There was the misplayed tee shot at the 16th hole on Sunday, followed by two unproductive swipes to exit a greenside bunker, which resulted in a double bogey, a standing three count or so it seemed. From there his game, if not his mind, spiraled into a deep, dark place.

A year after his St. George’s snafu, Bjorn walked off the golf course during a round at the European Open. He said he was “fighting demons at the moment” and has been ever since.

By 2008 he’d dropped all the way to 195th in European Tour earnings and his best Open finish since ’03 was a tie for 41st in ’06. “I’ve been very uncomfortable on the golf course for a long time,” he said on Thursday.

Whether his prolonged slump and the collapse at St. George’s in ’03 were mutually exclusive, Bjorn couldn’t say. Nor did it really matter. Bad golf, whatever the culprit, is difficult enough without unwanted self analysis.

But then Vijay Singh’s aging back began acting up and Bjorn, an Open alternate, was told to be ready to play. He arrived on Tuesday, played just a single practice round and committed himself to toeing the line between unrealistic expectations and the psychological trap doors that awaited him when he made his first trip back to St. George’s since ’03.

“It’s tough for him coming here,” Cowen said. “You think, do you want to come here? But it’s like falling off a bike.”

For Bjorn it was a no-brainer and considering everything he’s had to deal with in his career maybe a return trip to Sandwich is just the tonic he’s been looking for.

It also helps that his game had been starting to come around this year. He served as one of Colin Montgomerie’s vice captains in 2010, won the Qatar Masters in February, defeated Tiger Woods at the WGC-Accenture Match Play, and was well on the path to a comeback when his father, Ole, died in May.

It was a particularly painful blow for Bjorn who was asked what Ole would have made of his Thursday 65 and at the time, his one-shot lead.

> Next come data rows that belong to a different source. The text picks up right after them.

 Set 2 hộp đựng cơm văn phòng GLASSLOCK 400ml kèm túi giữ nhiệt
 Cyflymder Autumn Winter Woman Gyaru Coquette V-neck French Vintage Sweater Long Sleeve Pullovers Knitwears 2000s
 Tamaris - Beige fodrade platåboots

The often stoic Bjorn paused, tried unsuccessfully to gather himself and finally managed a simple and emotional, “He would have been very proud of what I did today.”

Bjorn’s news conference felt more like an intervention, each question cutting deeper into a fragile psyche.

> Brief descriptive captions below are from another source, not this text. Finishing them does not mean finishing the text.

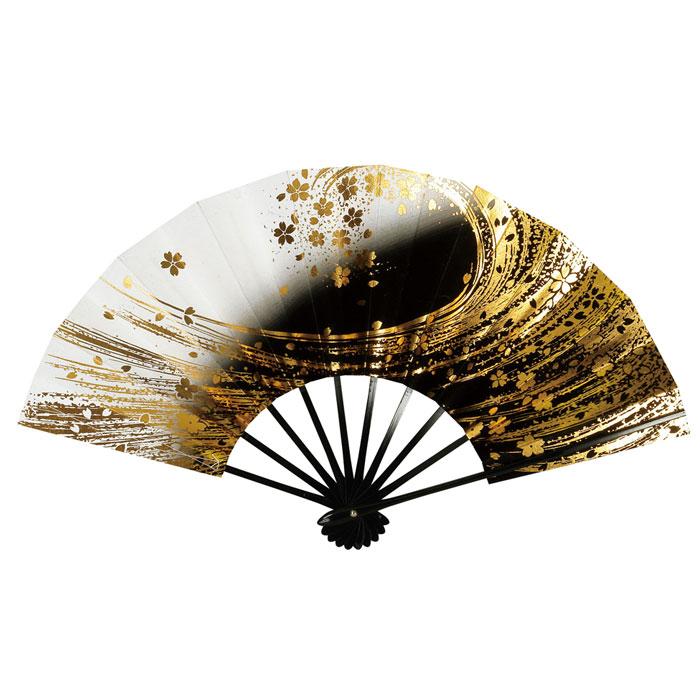 舞扇子 黒 小桜 金 刷毛目 扇子箱付 日本製 日本舞踊 （o舞2262） 舞踊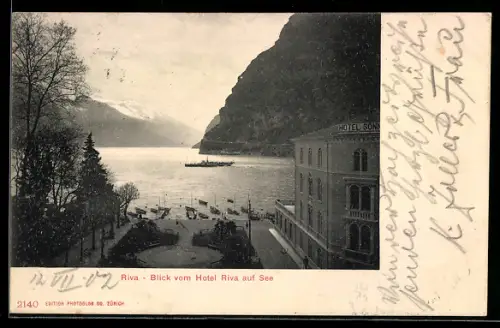 AK Riva, Blick vom Hotel Riva auf den See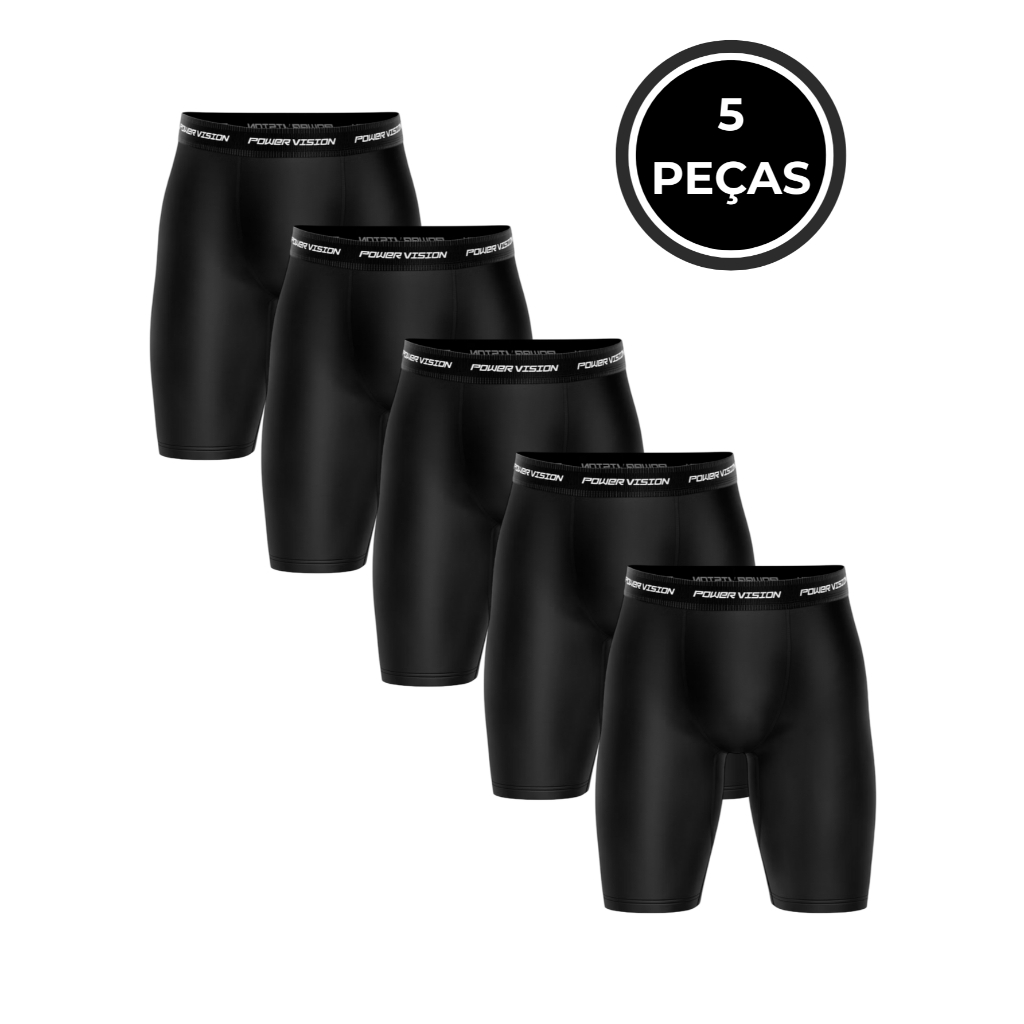 Kit 05 Cueca Plus Size Pretas Microfibra Extra Grande Ciclista Longa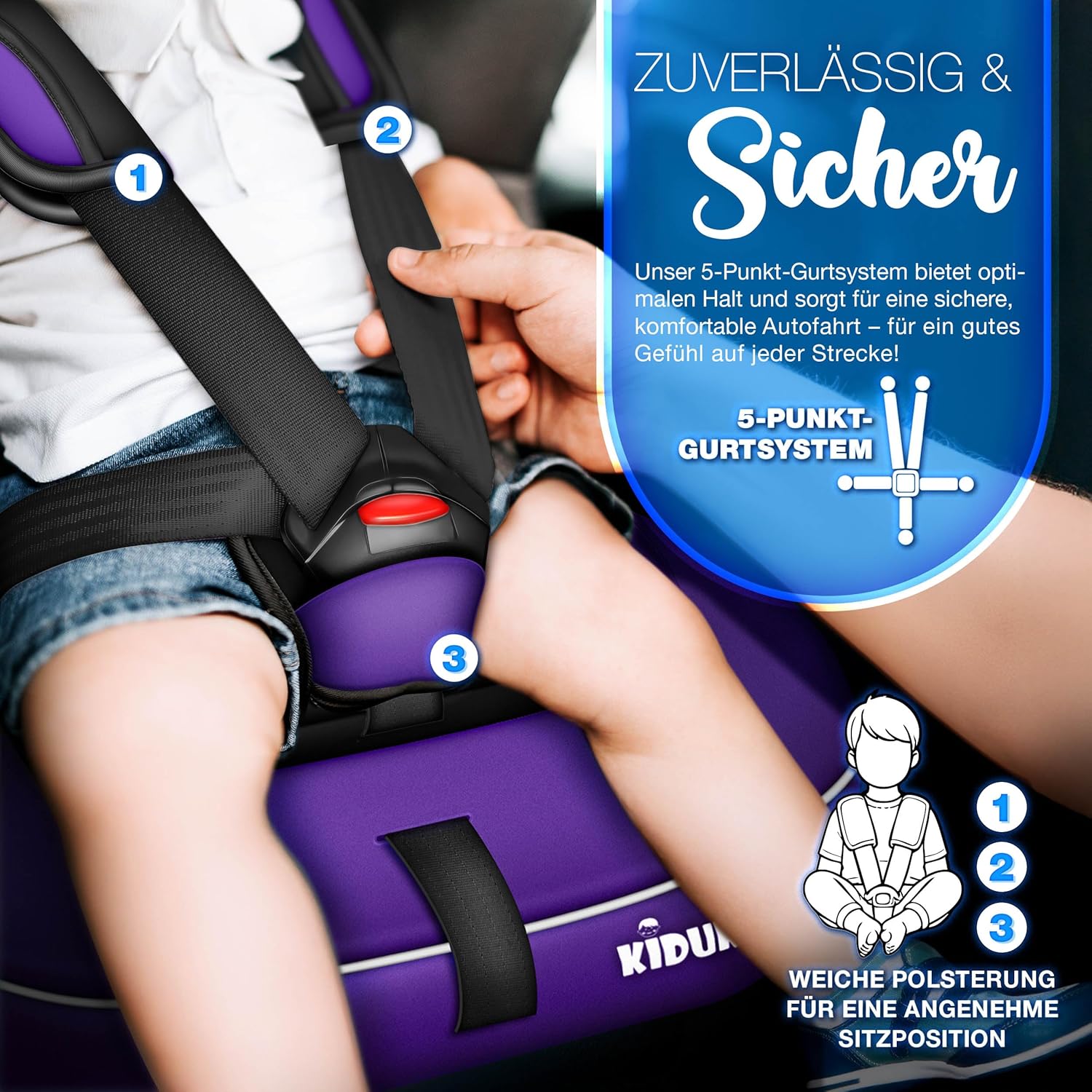 KIDUKU® Kinderzitje, 9-36 kg (1-12 jaar) met onderlegger voor kinderzitje, ECE R129/03, groep 1/2/3, autostoel, zwart/lila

“I never really expected to play so there’s no reason to get too uptight,” he reasoned. “Today was a massive step in the right direction for me because mentally I was very strong on the golf course and that seems to be the problem.”

At this pace Bjorn may be a problem for the rest of the wind-whipped field. In theory, he soared atop the leaderboard from the “bad side” of the draw, with Thursday’s forecast windy in the morning with calmer conditions as the day wore on. It’s a truth that didn’t escape those playing catch-up.

“That's exceptional. That won't be caught, I promise you that,” said Mark Calcavecchia, who posted an opening 69.

For the day Bjorn had seven birdies and two bogeys, at Nos. 9 and 18, with just one birdie putt over 12 feet. Heady stuff considering he opened his charge in 2003 with a 73 and yet was in complete control through 67 holes. And he could have been even further ahead had he not suffered a two-stroke penalty at the 17th hole in the first round after grounding his club in a bunker.

Early Thursday as Bjorn and Cowen began their work day the swing coach noticed a line of flags rippling in the cold wind, a reason for some to stay in bed but not Bjorn.

“I tried to remind him on the range this morning, you need to remember in Qatar the wind was horrible and you played fantastic,” Cowen said. “He plays his best golf in the wind.”

Bjorn didn’t find the answers to all the questions that regularly swirl about his busy mind, and true redemption comes on Sundays, not Thursdays. But there was no escaping the idea that he may finally be asking himself the right question.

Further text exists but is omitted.